Re: 8-bit encodings and ASCII (was: Unicode conformant character encodings and us-ascii)

From: Doug Ewell (
Date: Fri May 16 2003 - 02:57:46 EDT

  • Next message: Doug Ewell: "Re: 'code unit' and 'code point' meaning check"

    Philippe Verdy <verdy_p at wanadoo dot fr> wrote:

    > Don't forget EBCDIC, and also some Unicode-conforming encodings based
    > on basic EBCDIC, where unused code units have been used to encode
    > Unicode in a way similar to the UTF-8 encoding (with a simple
    > reordering of bytes, so that ASCII characters are left on their
    > equivalent ECDIC positions, as well as the extended EBCDIC controls
    > such as NEL which are also assigned in ISO8859-* according to ISO6429
    > in range 0x80 to 0x9F)...

    I can think of only one such encoding, UTF-EBCDIC:

    > Don't forget too VISCII (for Vietnamese) which uses some rarely used
    > ASCII controls to map some Vietnamese characters with double accents,
    > as the ISO6429 standard does not offer enough free positions in the
    > range 0xA0 to 0xFF to map all Vietnamese characters. (Not conforming
    > to Unicode, as there's no way to fully encode it with full roundtrip
    > capability).

    Of course there is.
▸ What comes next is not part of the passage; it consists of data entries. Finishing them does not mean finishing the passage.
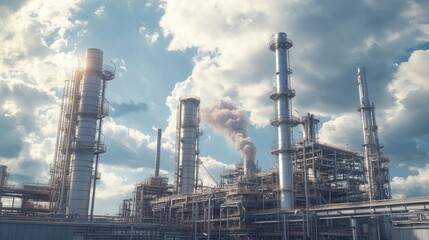 Fototapeta premium A view of a modern industrial complex with towering smokestacks against a cloudy sky.
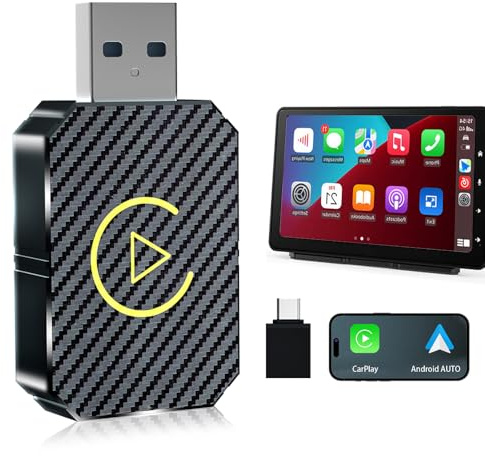 Afenau Wireless Carplay Android Adapter 2 in 1 Wireless für iOS und Android Auto, USB/Typ C, Plug & Play, kompatibel mit Autos ab 2016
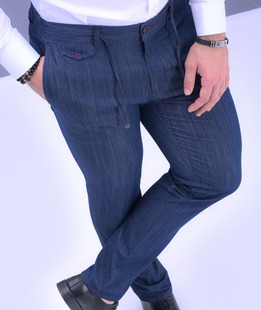 Дънков панталон в синьо с италиански джоб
Each of the 256 VISCII code points maps to one and
    only one Unicode character. 0x02 in VISCII can only be U+1EB2 LATIN
    If you'd like, I can provide a mapping table.

    > Finally don't forget all the DOS/OEM codepages which assign visible
    > characters in ASCII control code units and in extended ISO6429
    > position... However all these are not conforming to Unicode (no way
    > to fully encode it with full roundtrip capability).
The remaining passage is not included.